Avete sentito parlare della Età dell'Oro? Nell'Età dell'Oro tutti sperimentavano la loro essenza,
senza buchi. Poi venne l'Età dell'Argento, mentre l'essenza diminuiva, i buchi cominciavano ad
apparire; poi l'Età del Bronzo. Ora siamo nell'Età del Ferro. E' la più buia, la più pesante. Il ferro
non è altro che difesa. A volte possiamo sentire la qualità del ferro nelle nostre difese: la durezza, la
determinazione di proteggere noi stessi. Così si può anche vedere il tempo presente - tutte difese
contro i buchi.

Permettere a te stesso di tollerare i buchi e andarci attraverso dall'altra parte è più difficile ora,
perchè tutta la società è contraria. La società è contro l'essenza.
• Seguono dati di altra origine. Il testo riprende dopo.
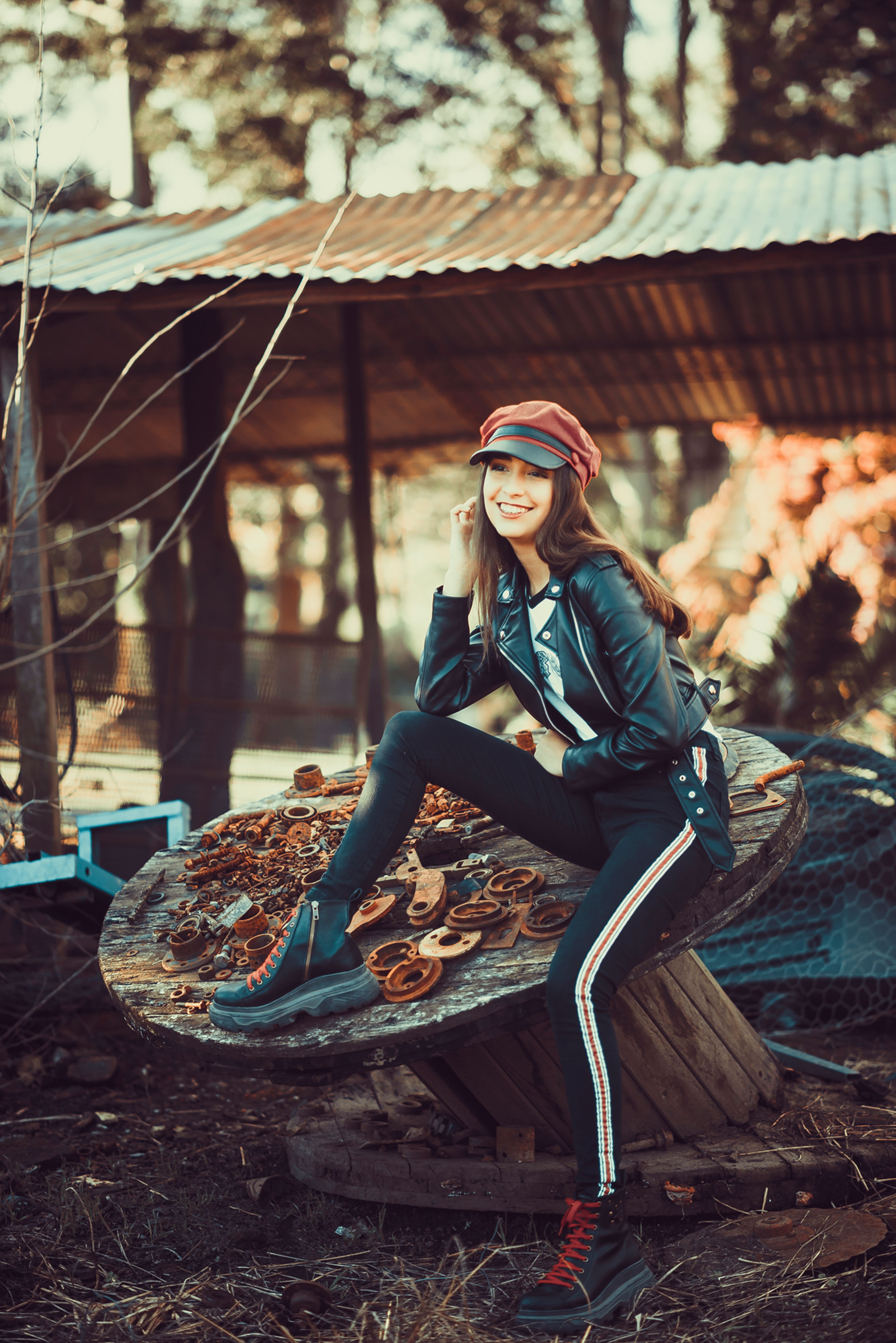 A Woman in Black Leather Jacket and Black Pants Sitting on Brown Wooden ...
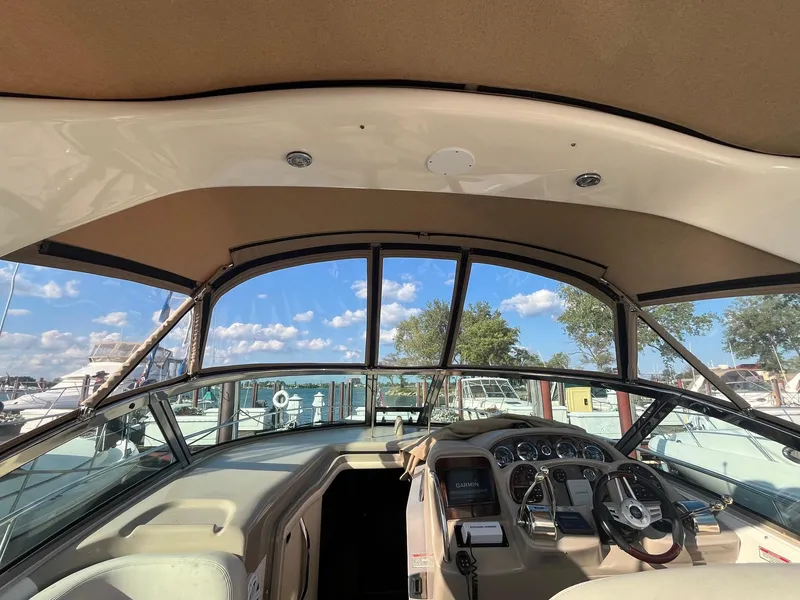 Slide: The Image of Interior view of 2002 Sea Ray 320 Sundancer boat cockpit with steering wheel and dashboard. - 11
Tutti intorno a te, ovunque vadano, cercano di riempire buchi, e la gente si sente minacciata se tu
non cerchi di riempire i tuoi allo stesso modo. Quando una persona non sta cercando di riempire i
propri buchi, tende a far si che gli altri sentano i propri. Così, sta diventando sempre più difficile
fare il Lavoro. E anche, il Lavoro è sempre più necessario.

Per questo è importante avere un gruppo come questo, dove c'è una comunità di persone coinvolte
nella stessa impresa del conoscere se stessi. Hai il supporto di molte persone che si permettono di
sentire i buchi invece di riempirli. E' molto difficile farlo per una persona sola perchè tutto, nel suo
ambiente, gli è contrario.

S.: Hai parlato della connessione tra i buchi e le emozioni e che l'essenza non ha emozioni. Non
capisco.

A.H.: Se comprendi le tue emozioni, arriverai alla tua essenza. Ma ciò non significa che le tue
emozioni sono la tua essenza.

Q.: Significa che se sono la mia essenza, se sono la mia essenza sempre, allora non avrò più
emozioni?

A.H.: No, non significa questo. Ci sono vere emozioni e pseudo-emozioni. Le pseudo- emozioni
sono tentativi di riempire i buchi, che sono l'assenza dell'emozione reale.

S.: Ciò significa che quello che c'è nel buco è una falsa emozione?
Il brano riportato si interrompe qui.